The Beatles failed to attend the first Apple board meeting. Those who managed to make it included John’s childhood friend Pete Shotton, who had been appointed even though his only previous experience of business was owning a newsagent’s shop on Hayling Island, given him by John.

Shotton kicked off the meeting by saying that he didn’t know anything about Apple: could the other members of the board fill him in? His request was met with silence: no one else knew anything either. Presently Clive Epstein, brother of the late Brian, piped up. ‘Well, it was my impression,’ he began, ‘that Apple would manufacture greetings cards and the boys have agreed to write the little poems for them.’

As each board member spoke, it became increasingly clear that everyone present had a different notion of Apple’s aims. Eventually, Terry Doran,1 who had co-owned Brydor Cars with Brian, turned to Shotton. ‘Thank God you’re here, Pete. As you can see, nobody else really has much of a clue. We desperately need someone like you who can get this whole thing organised.’ The meeting broke up shortly afterwards, each member saying ‘Best of luck, Pete,’ and ‘Congratulations, Pete,’ as they left.

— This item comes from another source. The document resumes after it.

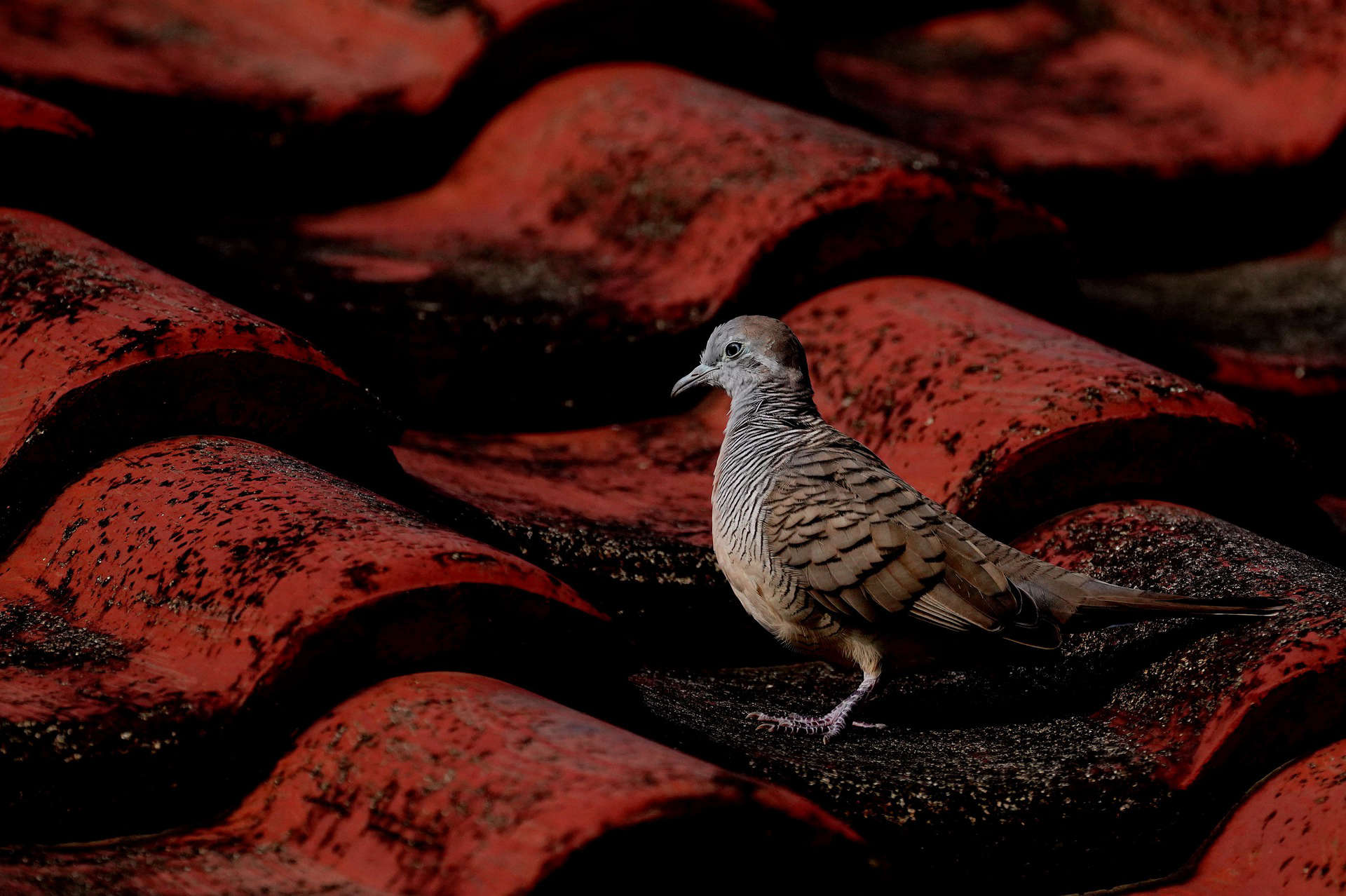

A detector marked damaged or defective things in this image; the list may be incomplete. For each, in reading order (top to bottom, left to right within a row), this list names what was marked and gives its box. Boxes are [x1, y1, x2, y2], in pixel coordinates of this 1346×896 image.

peeling red paint [0, 435, 603, 839]
peeling red paint [0, 670, 861, 893]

Pete then drove straight to John’s house to find out what on earth was going on. John laid out his business plan. ‘In a nutshell, what’s going on is this,’ he said. ‘The Beatles have been told that we have £3 million, which will have to be paid off in tax if we don’t put it into a business. All we’ve really got to do, then, is just fucking spend it! So why not have a go at business and have a few laughs while we’re at it?’

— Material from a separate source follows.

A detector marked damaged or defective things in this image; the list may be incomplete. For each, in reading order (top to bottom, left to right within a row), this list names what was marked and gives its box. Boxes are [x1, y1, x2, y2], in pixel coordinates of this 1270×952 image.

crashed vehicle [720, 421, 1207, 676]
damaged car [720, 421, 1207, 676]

As it happened, the laughs were few and far between. The business unrolled, and then, just as swiftly, unravelled. Early on, the music paper Disc and Music Echo got together with Apple to announce a nationwide hunt for new stars: ‘There are hundreds of unheard-of groups who, with the right handling, could be every bit as big as today’s top pop names.’ Readers were asked to vote for the best groups in their area, on the understanding that Apple would despatch talent scouts to check out the winners. The six ‘lucky readers’ who had nominated the winning group were to be presented with vouchers for £25 to spend on clothes at the brand-new Apple Boutique.

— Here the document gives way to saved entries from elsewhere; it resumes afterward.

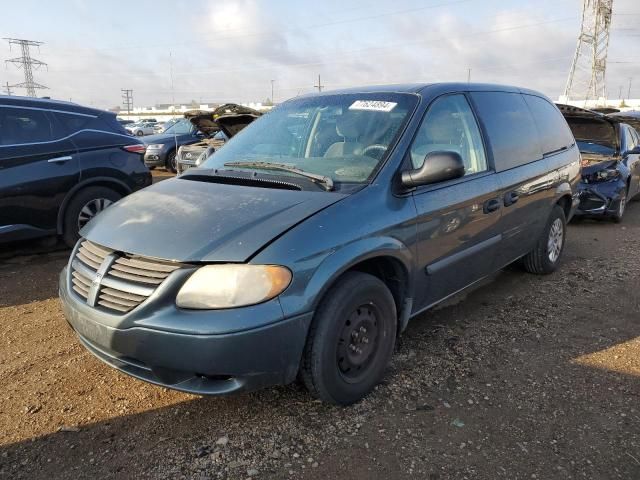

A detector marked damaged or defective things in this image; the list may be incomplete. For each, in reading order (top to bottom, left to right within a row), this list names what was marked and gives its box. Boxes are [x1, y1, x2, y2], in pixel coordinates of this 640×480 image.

blue damaged car [60, 83, 580, 404]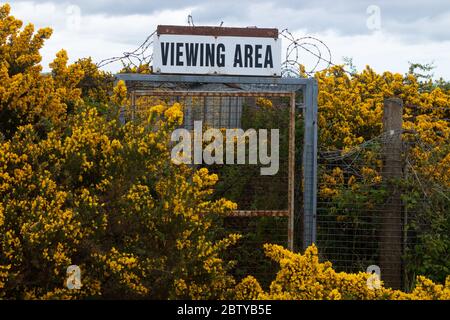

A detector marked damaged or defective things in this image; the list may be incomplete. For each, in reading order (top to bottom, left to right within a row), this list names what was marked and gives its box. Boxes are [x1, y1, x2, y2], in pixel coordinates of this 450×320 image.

rusty metal sign frame [118, 74, 318, 251]
rusty metal post [380, 96, 404, 288]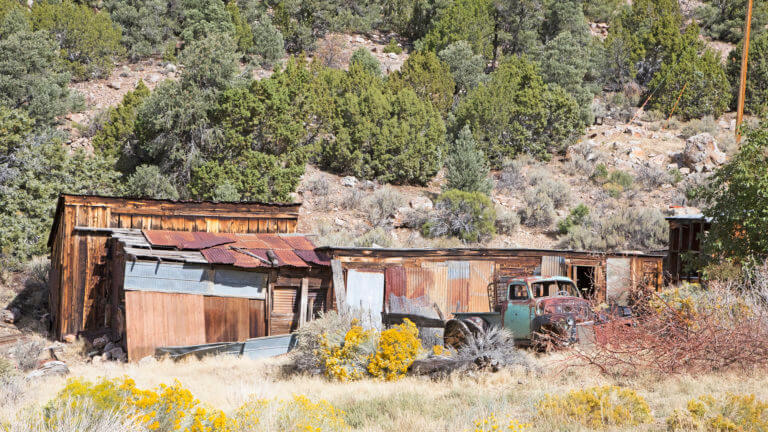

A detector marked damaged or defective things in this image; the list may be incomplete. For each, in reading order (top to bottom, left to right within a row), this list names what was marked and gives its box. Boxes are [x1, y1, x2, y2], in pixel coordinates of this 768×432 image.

Thousands of readers sent in nominations; almost as many posted music tapes and novels and poems. No more than a handful were ever heard or read or even opened. Instead, they were piled into cardboard boxes which were then stacked in a dark nook at the Apple headquarters that came to be known as the Black Room. Pete Shotton didn’t like to think about it. ‘It was really quite a heartbreaking sight, when one stopped to consider all those starry-eyed kids who had been left sitting on the edge, waiting to hear from the Beatles and to claim their Bentleys.’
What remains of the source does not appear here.